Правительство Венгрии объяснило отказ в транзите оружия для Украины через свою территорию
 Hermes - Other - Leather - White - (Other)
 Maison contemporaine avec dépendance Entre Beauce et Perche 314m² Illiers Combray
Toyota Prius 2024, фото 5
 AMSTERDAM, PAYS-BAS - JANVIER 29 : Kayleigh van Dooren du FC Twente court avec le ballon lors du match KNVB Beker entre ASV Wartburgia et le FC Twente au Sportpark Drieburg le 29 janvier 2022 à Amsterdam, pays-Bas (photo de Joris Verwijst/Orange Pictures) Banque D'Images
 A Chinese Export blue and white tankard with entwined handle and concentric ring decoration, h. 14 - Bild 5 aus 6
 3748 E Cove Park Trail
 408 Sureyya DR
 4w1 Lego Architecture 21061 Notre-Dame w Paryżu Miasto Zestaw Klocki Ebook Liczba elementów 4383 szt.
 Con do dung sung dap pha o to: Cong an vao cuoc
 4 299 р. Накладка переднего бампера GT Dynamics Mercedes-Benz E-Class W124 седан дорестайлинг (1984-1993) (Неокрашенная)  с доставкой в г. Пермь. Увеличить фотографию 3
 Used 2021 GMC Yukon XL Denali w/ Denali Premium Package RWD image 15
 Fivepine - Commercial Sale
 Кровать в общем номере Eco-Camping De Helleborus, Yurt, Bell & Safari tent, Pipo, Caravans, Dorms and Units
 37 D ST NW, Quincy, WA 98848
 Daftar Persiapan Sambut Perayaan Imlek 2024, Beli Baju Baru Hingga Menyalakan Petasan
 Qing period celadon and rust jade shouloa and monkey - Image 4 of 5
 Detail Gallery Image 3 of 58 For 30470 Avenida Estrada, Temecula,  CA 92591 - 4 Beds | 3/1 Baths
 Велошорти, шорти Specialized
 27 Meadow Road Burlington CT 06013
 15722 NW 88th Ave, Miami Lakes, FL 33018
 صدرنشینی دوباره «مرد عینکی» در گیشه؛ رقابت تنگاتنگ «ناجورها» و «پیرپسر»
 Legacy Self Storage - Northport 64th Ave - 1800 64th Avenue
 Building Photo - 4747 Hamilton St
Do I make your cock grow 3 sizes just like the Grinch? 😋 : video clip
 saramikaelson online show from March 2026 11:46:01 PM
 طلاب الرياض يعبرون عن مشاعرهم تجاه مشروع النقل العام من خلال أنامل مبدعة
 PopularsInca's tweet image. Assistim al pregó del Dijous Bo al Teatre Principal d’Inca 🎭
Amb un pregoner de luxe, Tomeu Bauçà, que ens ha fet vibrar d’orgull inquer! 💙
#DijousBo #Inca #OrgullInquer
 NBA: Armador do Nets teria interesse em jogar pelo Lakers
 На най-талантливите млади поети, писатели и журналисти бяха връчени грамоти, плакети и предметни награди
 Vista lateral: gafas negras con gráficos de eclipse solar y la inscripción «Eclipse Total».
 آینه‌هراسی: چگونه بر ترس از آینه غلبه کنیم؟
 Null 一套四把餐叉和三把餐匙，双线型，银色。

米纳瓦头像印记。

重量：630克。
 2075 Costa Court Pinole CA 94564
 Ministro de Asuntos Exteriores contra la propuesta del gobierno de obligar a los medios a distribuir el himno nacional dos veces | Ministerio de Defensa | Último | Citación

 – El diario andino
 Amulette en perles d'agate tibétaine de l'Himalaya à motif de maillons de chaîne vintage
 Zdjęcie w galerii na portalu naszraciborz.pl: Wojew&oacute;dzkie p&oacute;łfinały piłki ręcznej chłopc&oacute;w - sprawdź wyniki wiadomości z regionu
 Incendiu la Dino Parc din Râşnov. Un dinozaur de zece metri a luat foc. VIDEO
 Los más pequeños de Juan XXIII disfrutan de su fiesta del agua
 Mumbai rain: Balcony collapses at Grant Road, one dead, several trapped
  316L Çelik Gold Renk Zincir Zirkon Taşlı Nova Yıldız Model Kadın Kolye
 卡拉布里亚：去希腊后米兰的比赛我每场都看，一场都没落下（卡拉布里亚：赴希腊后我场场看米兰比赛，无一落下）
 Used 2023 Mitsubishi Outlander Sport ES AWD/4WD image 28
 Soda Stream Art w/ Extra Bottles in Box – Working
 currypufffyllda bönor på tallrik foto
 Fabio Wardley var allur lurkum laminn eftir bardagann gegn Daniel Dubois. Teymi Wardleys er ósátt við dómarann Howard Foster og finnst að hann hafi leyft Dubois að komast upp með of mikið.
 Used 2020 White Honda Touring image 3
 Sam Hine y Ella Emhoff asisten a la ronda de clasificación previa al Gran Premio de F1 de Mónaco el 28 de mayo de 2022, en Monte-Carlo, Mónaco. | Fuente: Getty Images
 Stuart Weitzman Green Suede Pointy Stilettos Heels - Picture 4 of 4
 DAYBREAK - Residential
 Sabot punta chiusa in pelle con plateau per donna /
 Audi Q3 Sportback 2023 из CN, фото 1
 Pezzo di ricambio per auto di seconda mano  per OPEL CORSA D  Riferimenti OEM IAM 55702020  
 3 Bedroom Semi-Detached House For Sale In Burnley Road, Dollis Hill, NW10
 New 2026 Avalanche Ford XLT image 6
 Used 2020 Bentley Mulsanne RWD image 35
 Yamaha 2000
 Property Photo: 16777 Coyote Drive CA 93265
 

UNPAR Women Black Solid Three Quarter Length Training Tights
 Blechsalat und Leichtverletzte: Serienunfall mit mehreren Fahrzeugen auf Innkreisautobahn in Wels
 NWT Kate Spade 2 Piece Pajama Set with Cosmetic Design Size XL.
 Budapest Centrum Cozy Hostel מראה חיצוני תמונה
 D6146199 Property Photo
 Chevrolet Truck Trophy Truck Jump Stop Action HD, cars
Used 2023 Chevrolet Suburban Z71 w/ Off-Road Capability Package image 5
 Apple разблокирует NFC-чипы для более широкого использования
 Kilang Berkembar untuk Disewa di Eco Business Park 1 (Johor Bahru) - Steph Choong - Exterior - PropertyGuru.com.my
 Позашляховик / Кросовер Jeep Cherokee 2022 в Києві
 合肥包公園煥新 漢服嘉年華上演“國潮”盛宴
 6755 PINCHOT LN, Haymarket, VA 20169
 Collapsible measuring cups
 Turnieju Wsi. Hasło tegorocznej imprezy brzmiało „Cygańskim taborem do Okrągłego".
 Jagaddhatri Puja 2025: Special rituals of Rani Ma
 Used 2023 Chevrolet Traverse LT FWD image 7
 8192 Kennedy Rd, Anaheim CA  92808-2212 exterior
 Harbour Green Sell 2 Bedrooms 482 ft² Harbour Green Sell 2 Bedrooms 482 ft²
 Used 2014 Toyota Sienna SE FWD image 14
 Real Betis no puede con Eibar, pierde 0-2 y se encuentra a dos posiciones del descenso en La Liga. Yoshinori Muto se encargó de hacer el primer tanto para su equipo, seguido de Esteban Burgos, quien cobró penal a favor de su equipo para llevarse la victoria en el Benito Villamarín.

______________________________

What you should do: Would you print exactly, and only, the lines of the data above from the line with "Los más pequeños" through the line with "卡拉布里亚：去希腊后米兰的比", inclusive?

Result of the task:
 Los más pequeños de Juan XXIII disfrutan de su fiesta del agua
 Mumbai rain: Balcony collapses at Grant Road, one dead, several trapped
  316L Çelik Gold Renk Zincir Zirkon Taşlı Nova Yıldız Model Kadın Kolye
 卡拉布里亚：去希腊后米兰的比赛我每场都看，一场都没落下（卡拉布里亚：赴希腊后我场场看米兰比赛，无一落下）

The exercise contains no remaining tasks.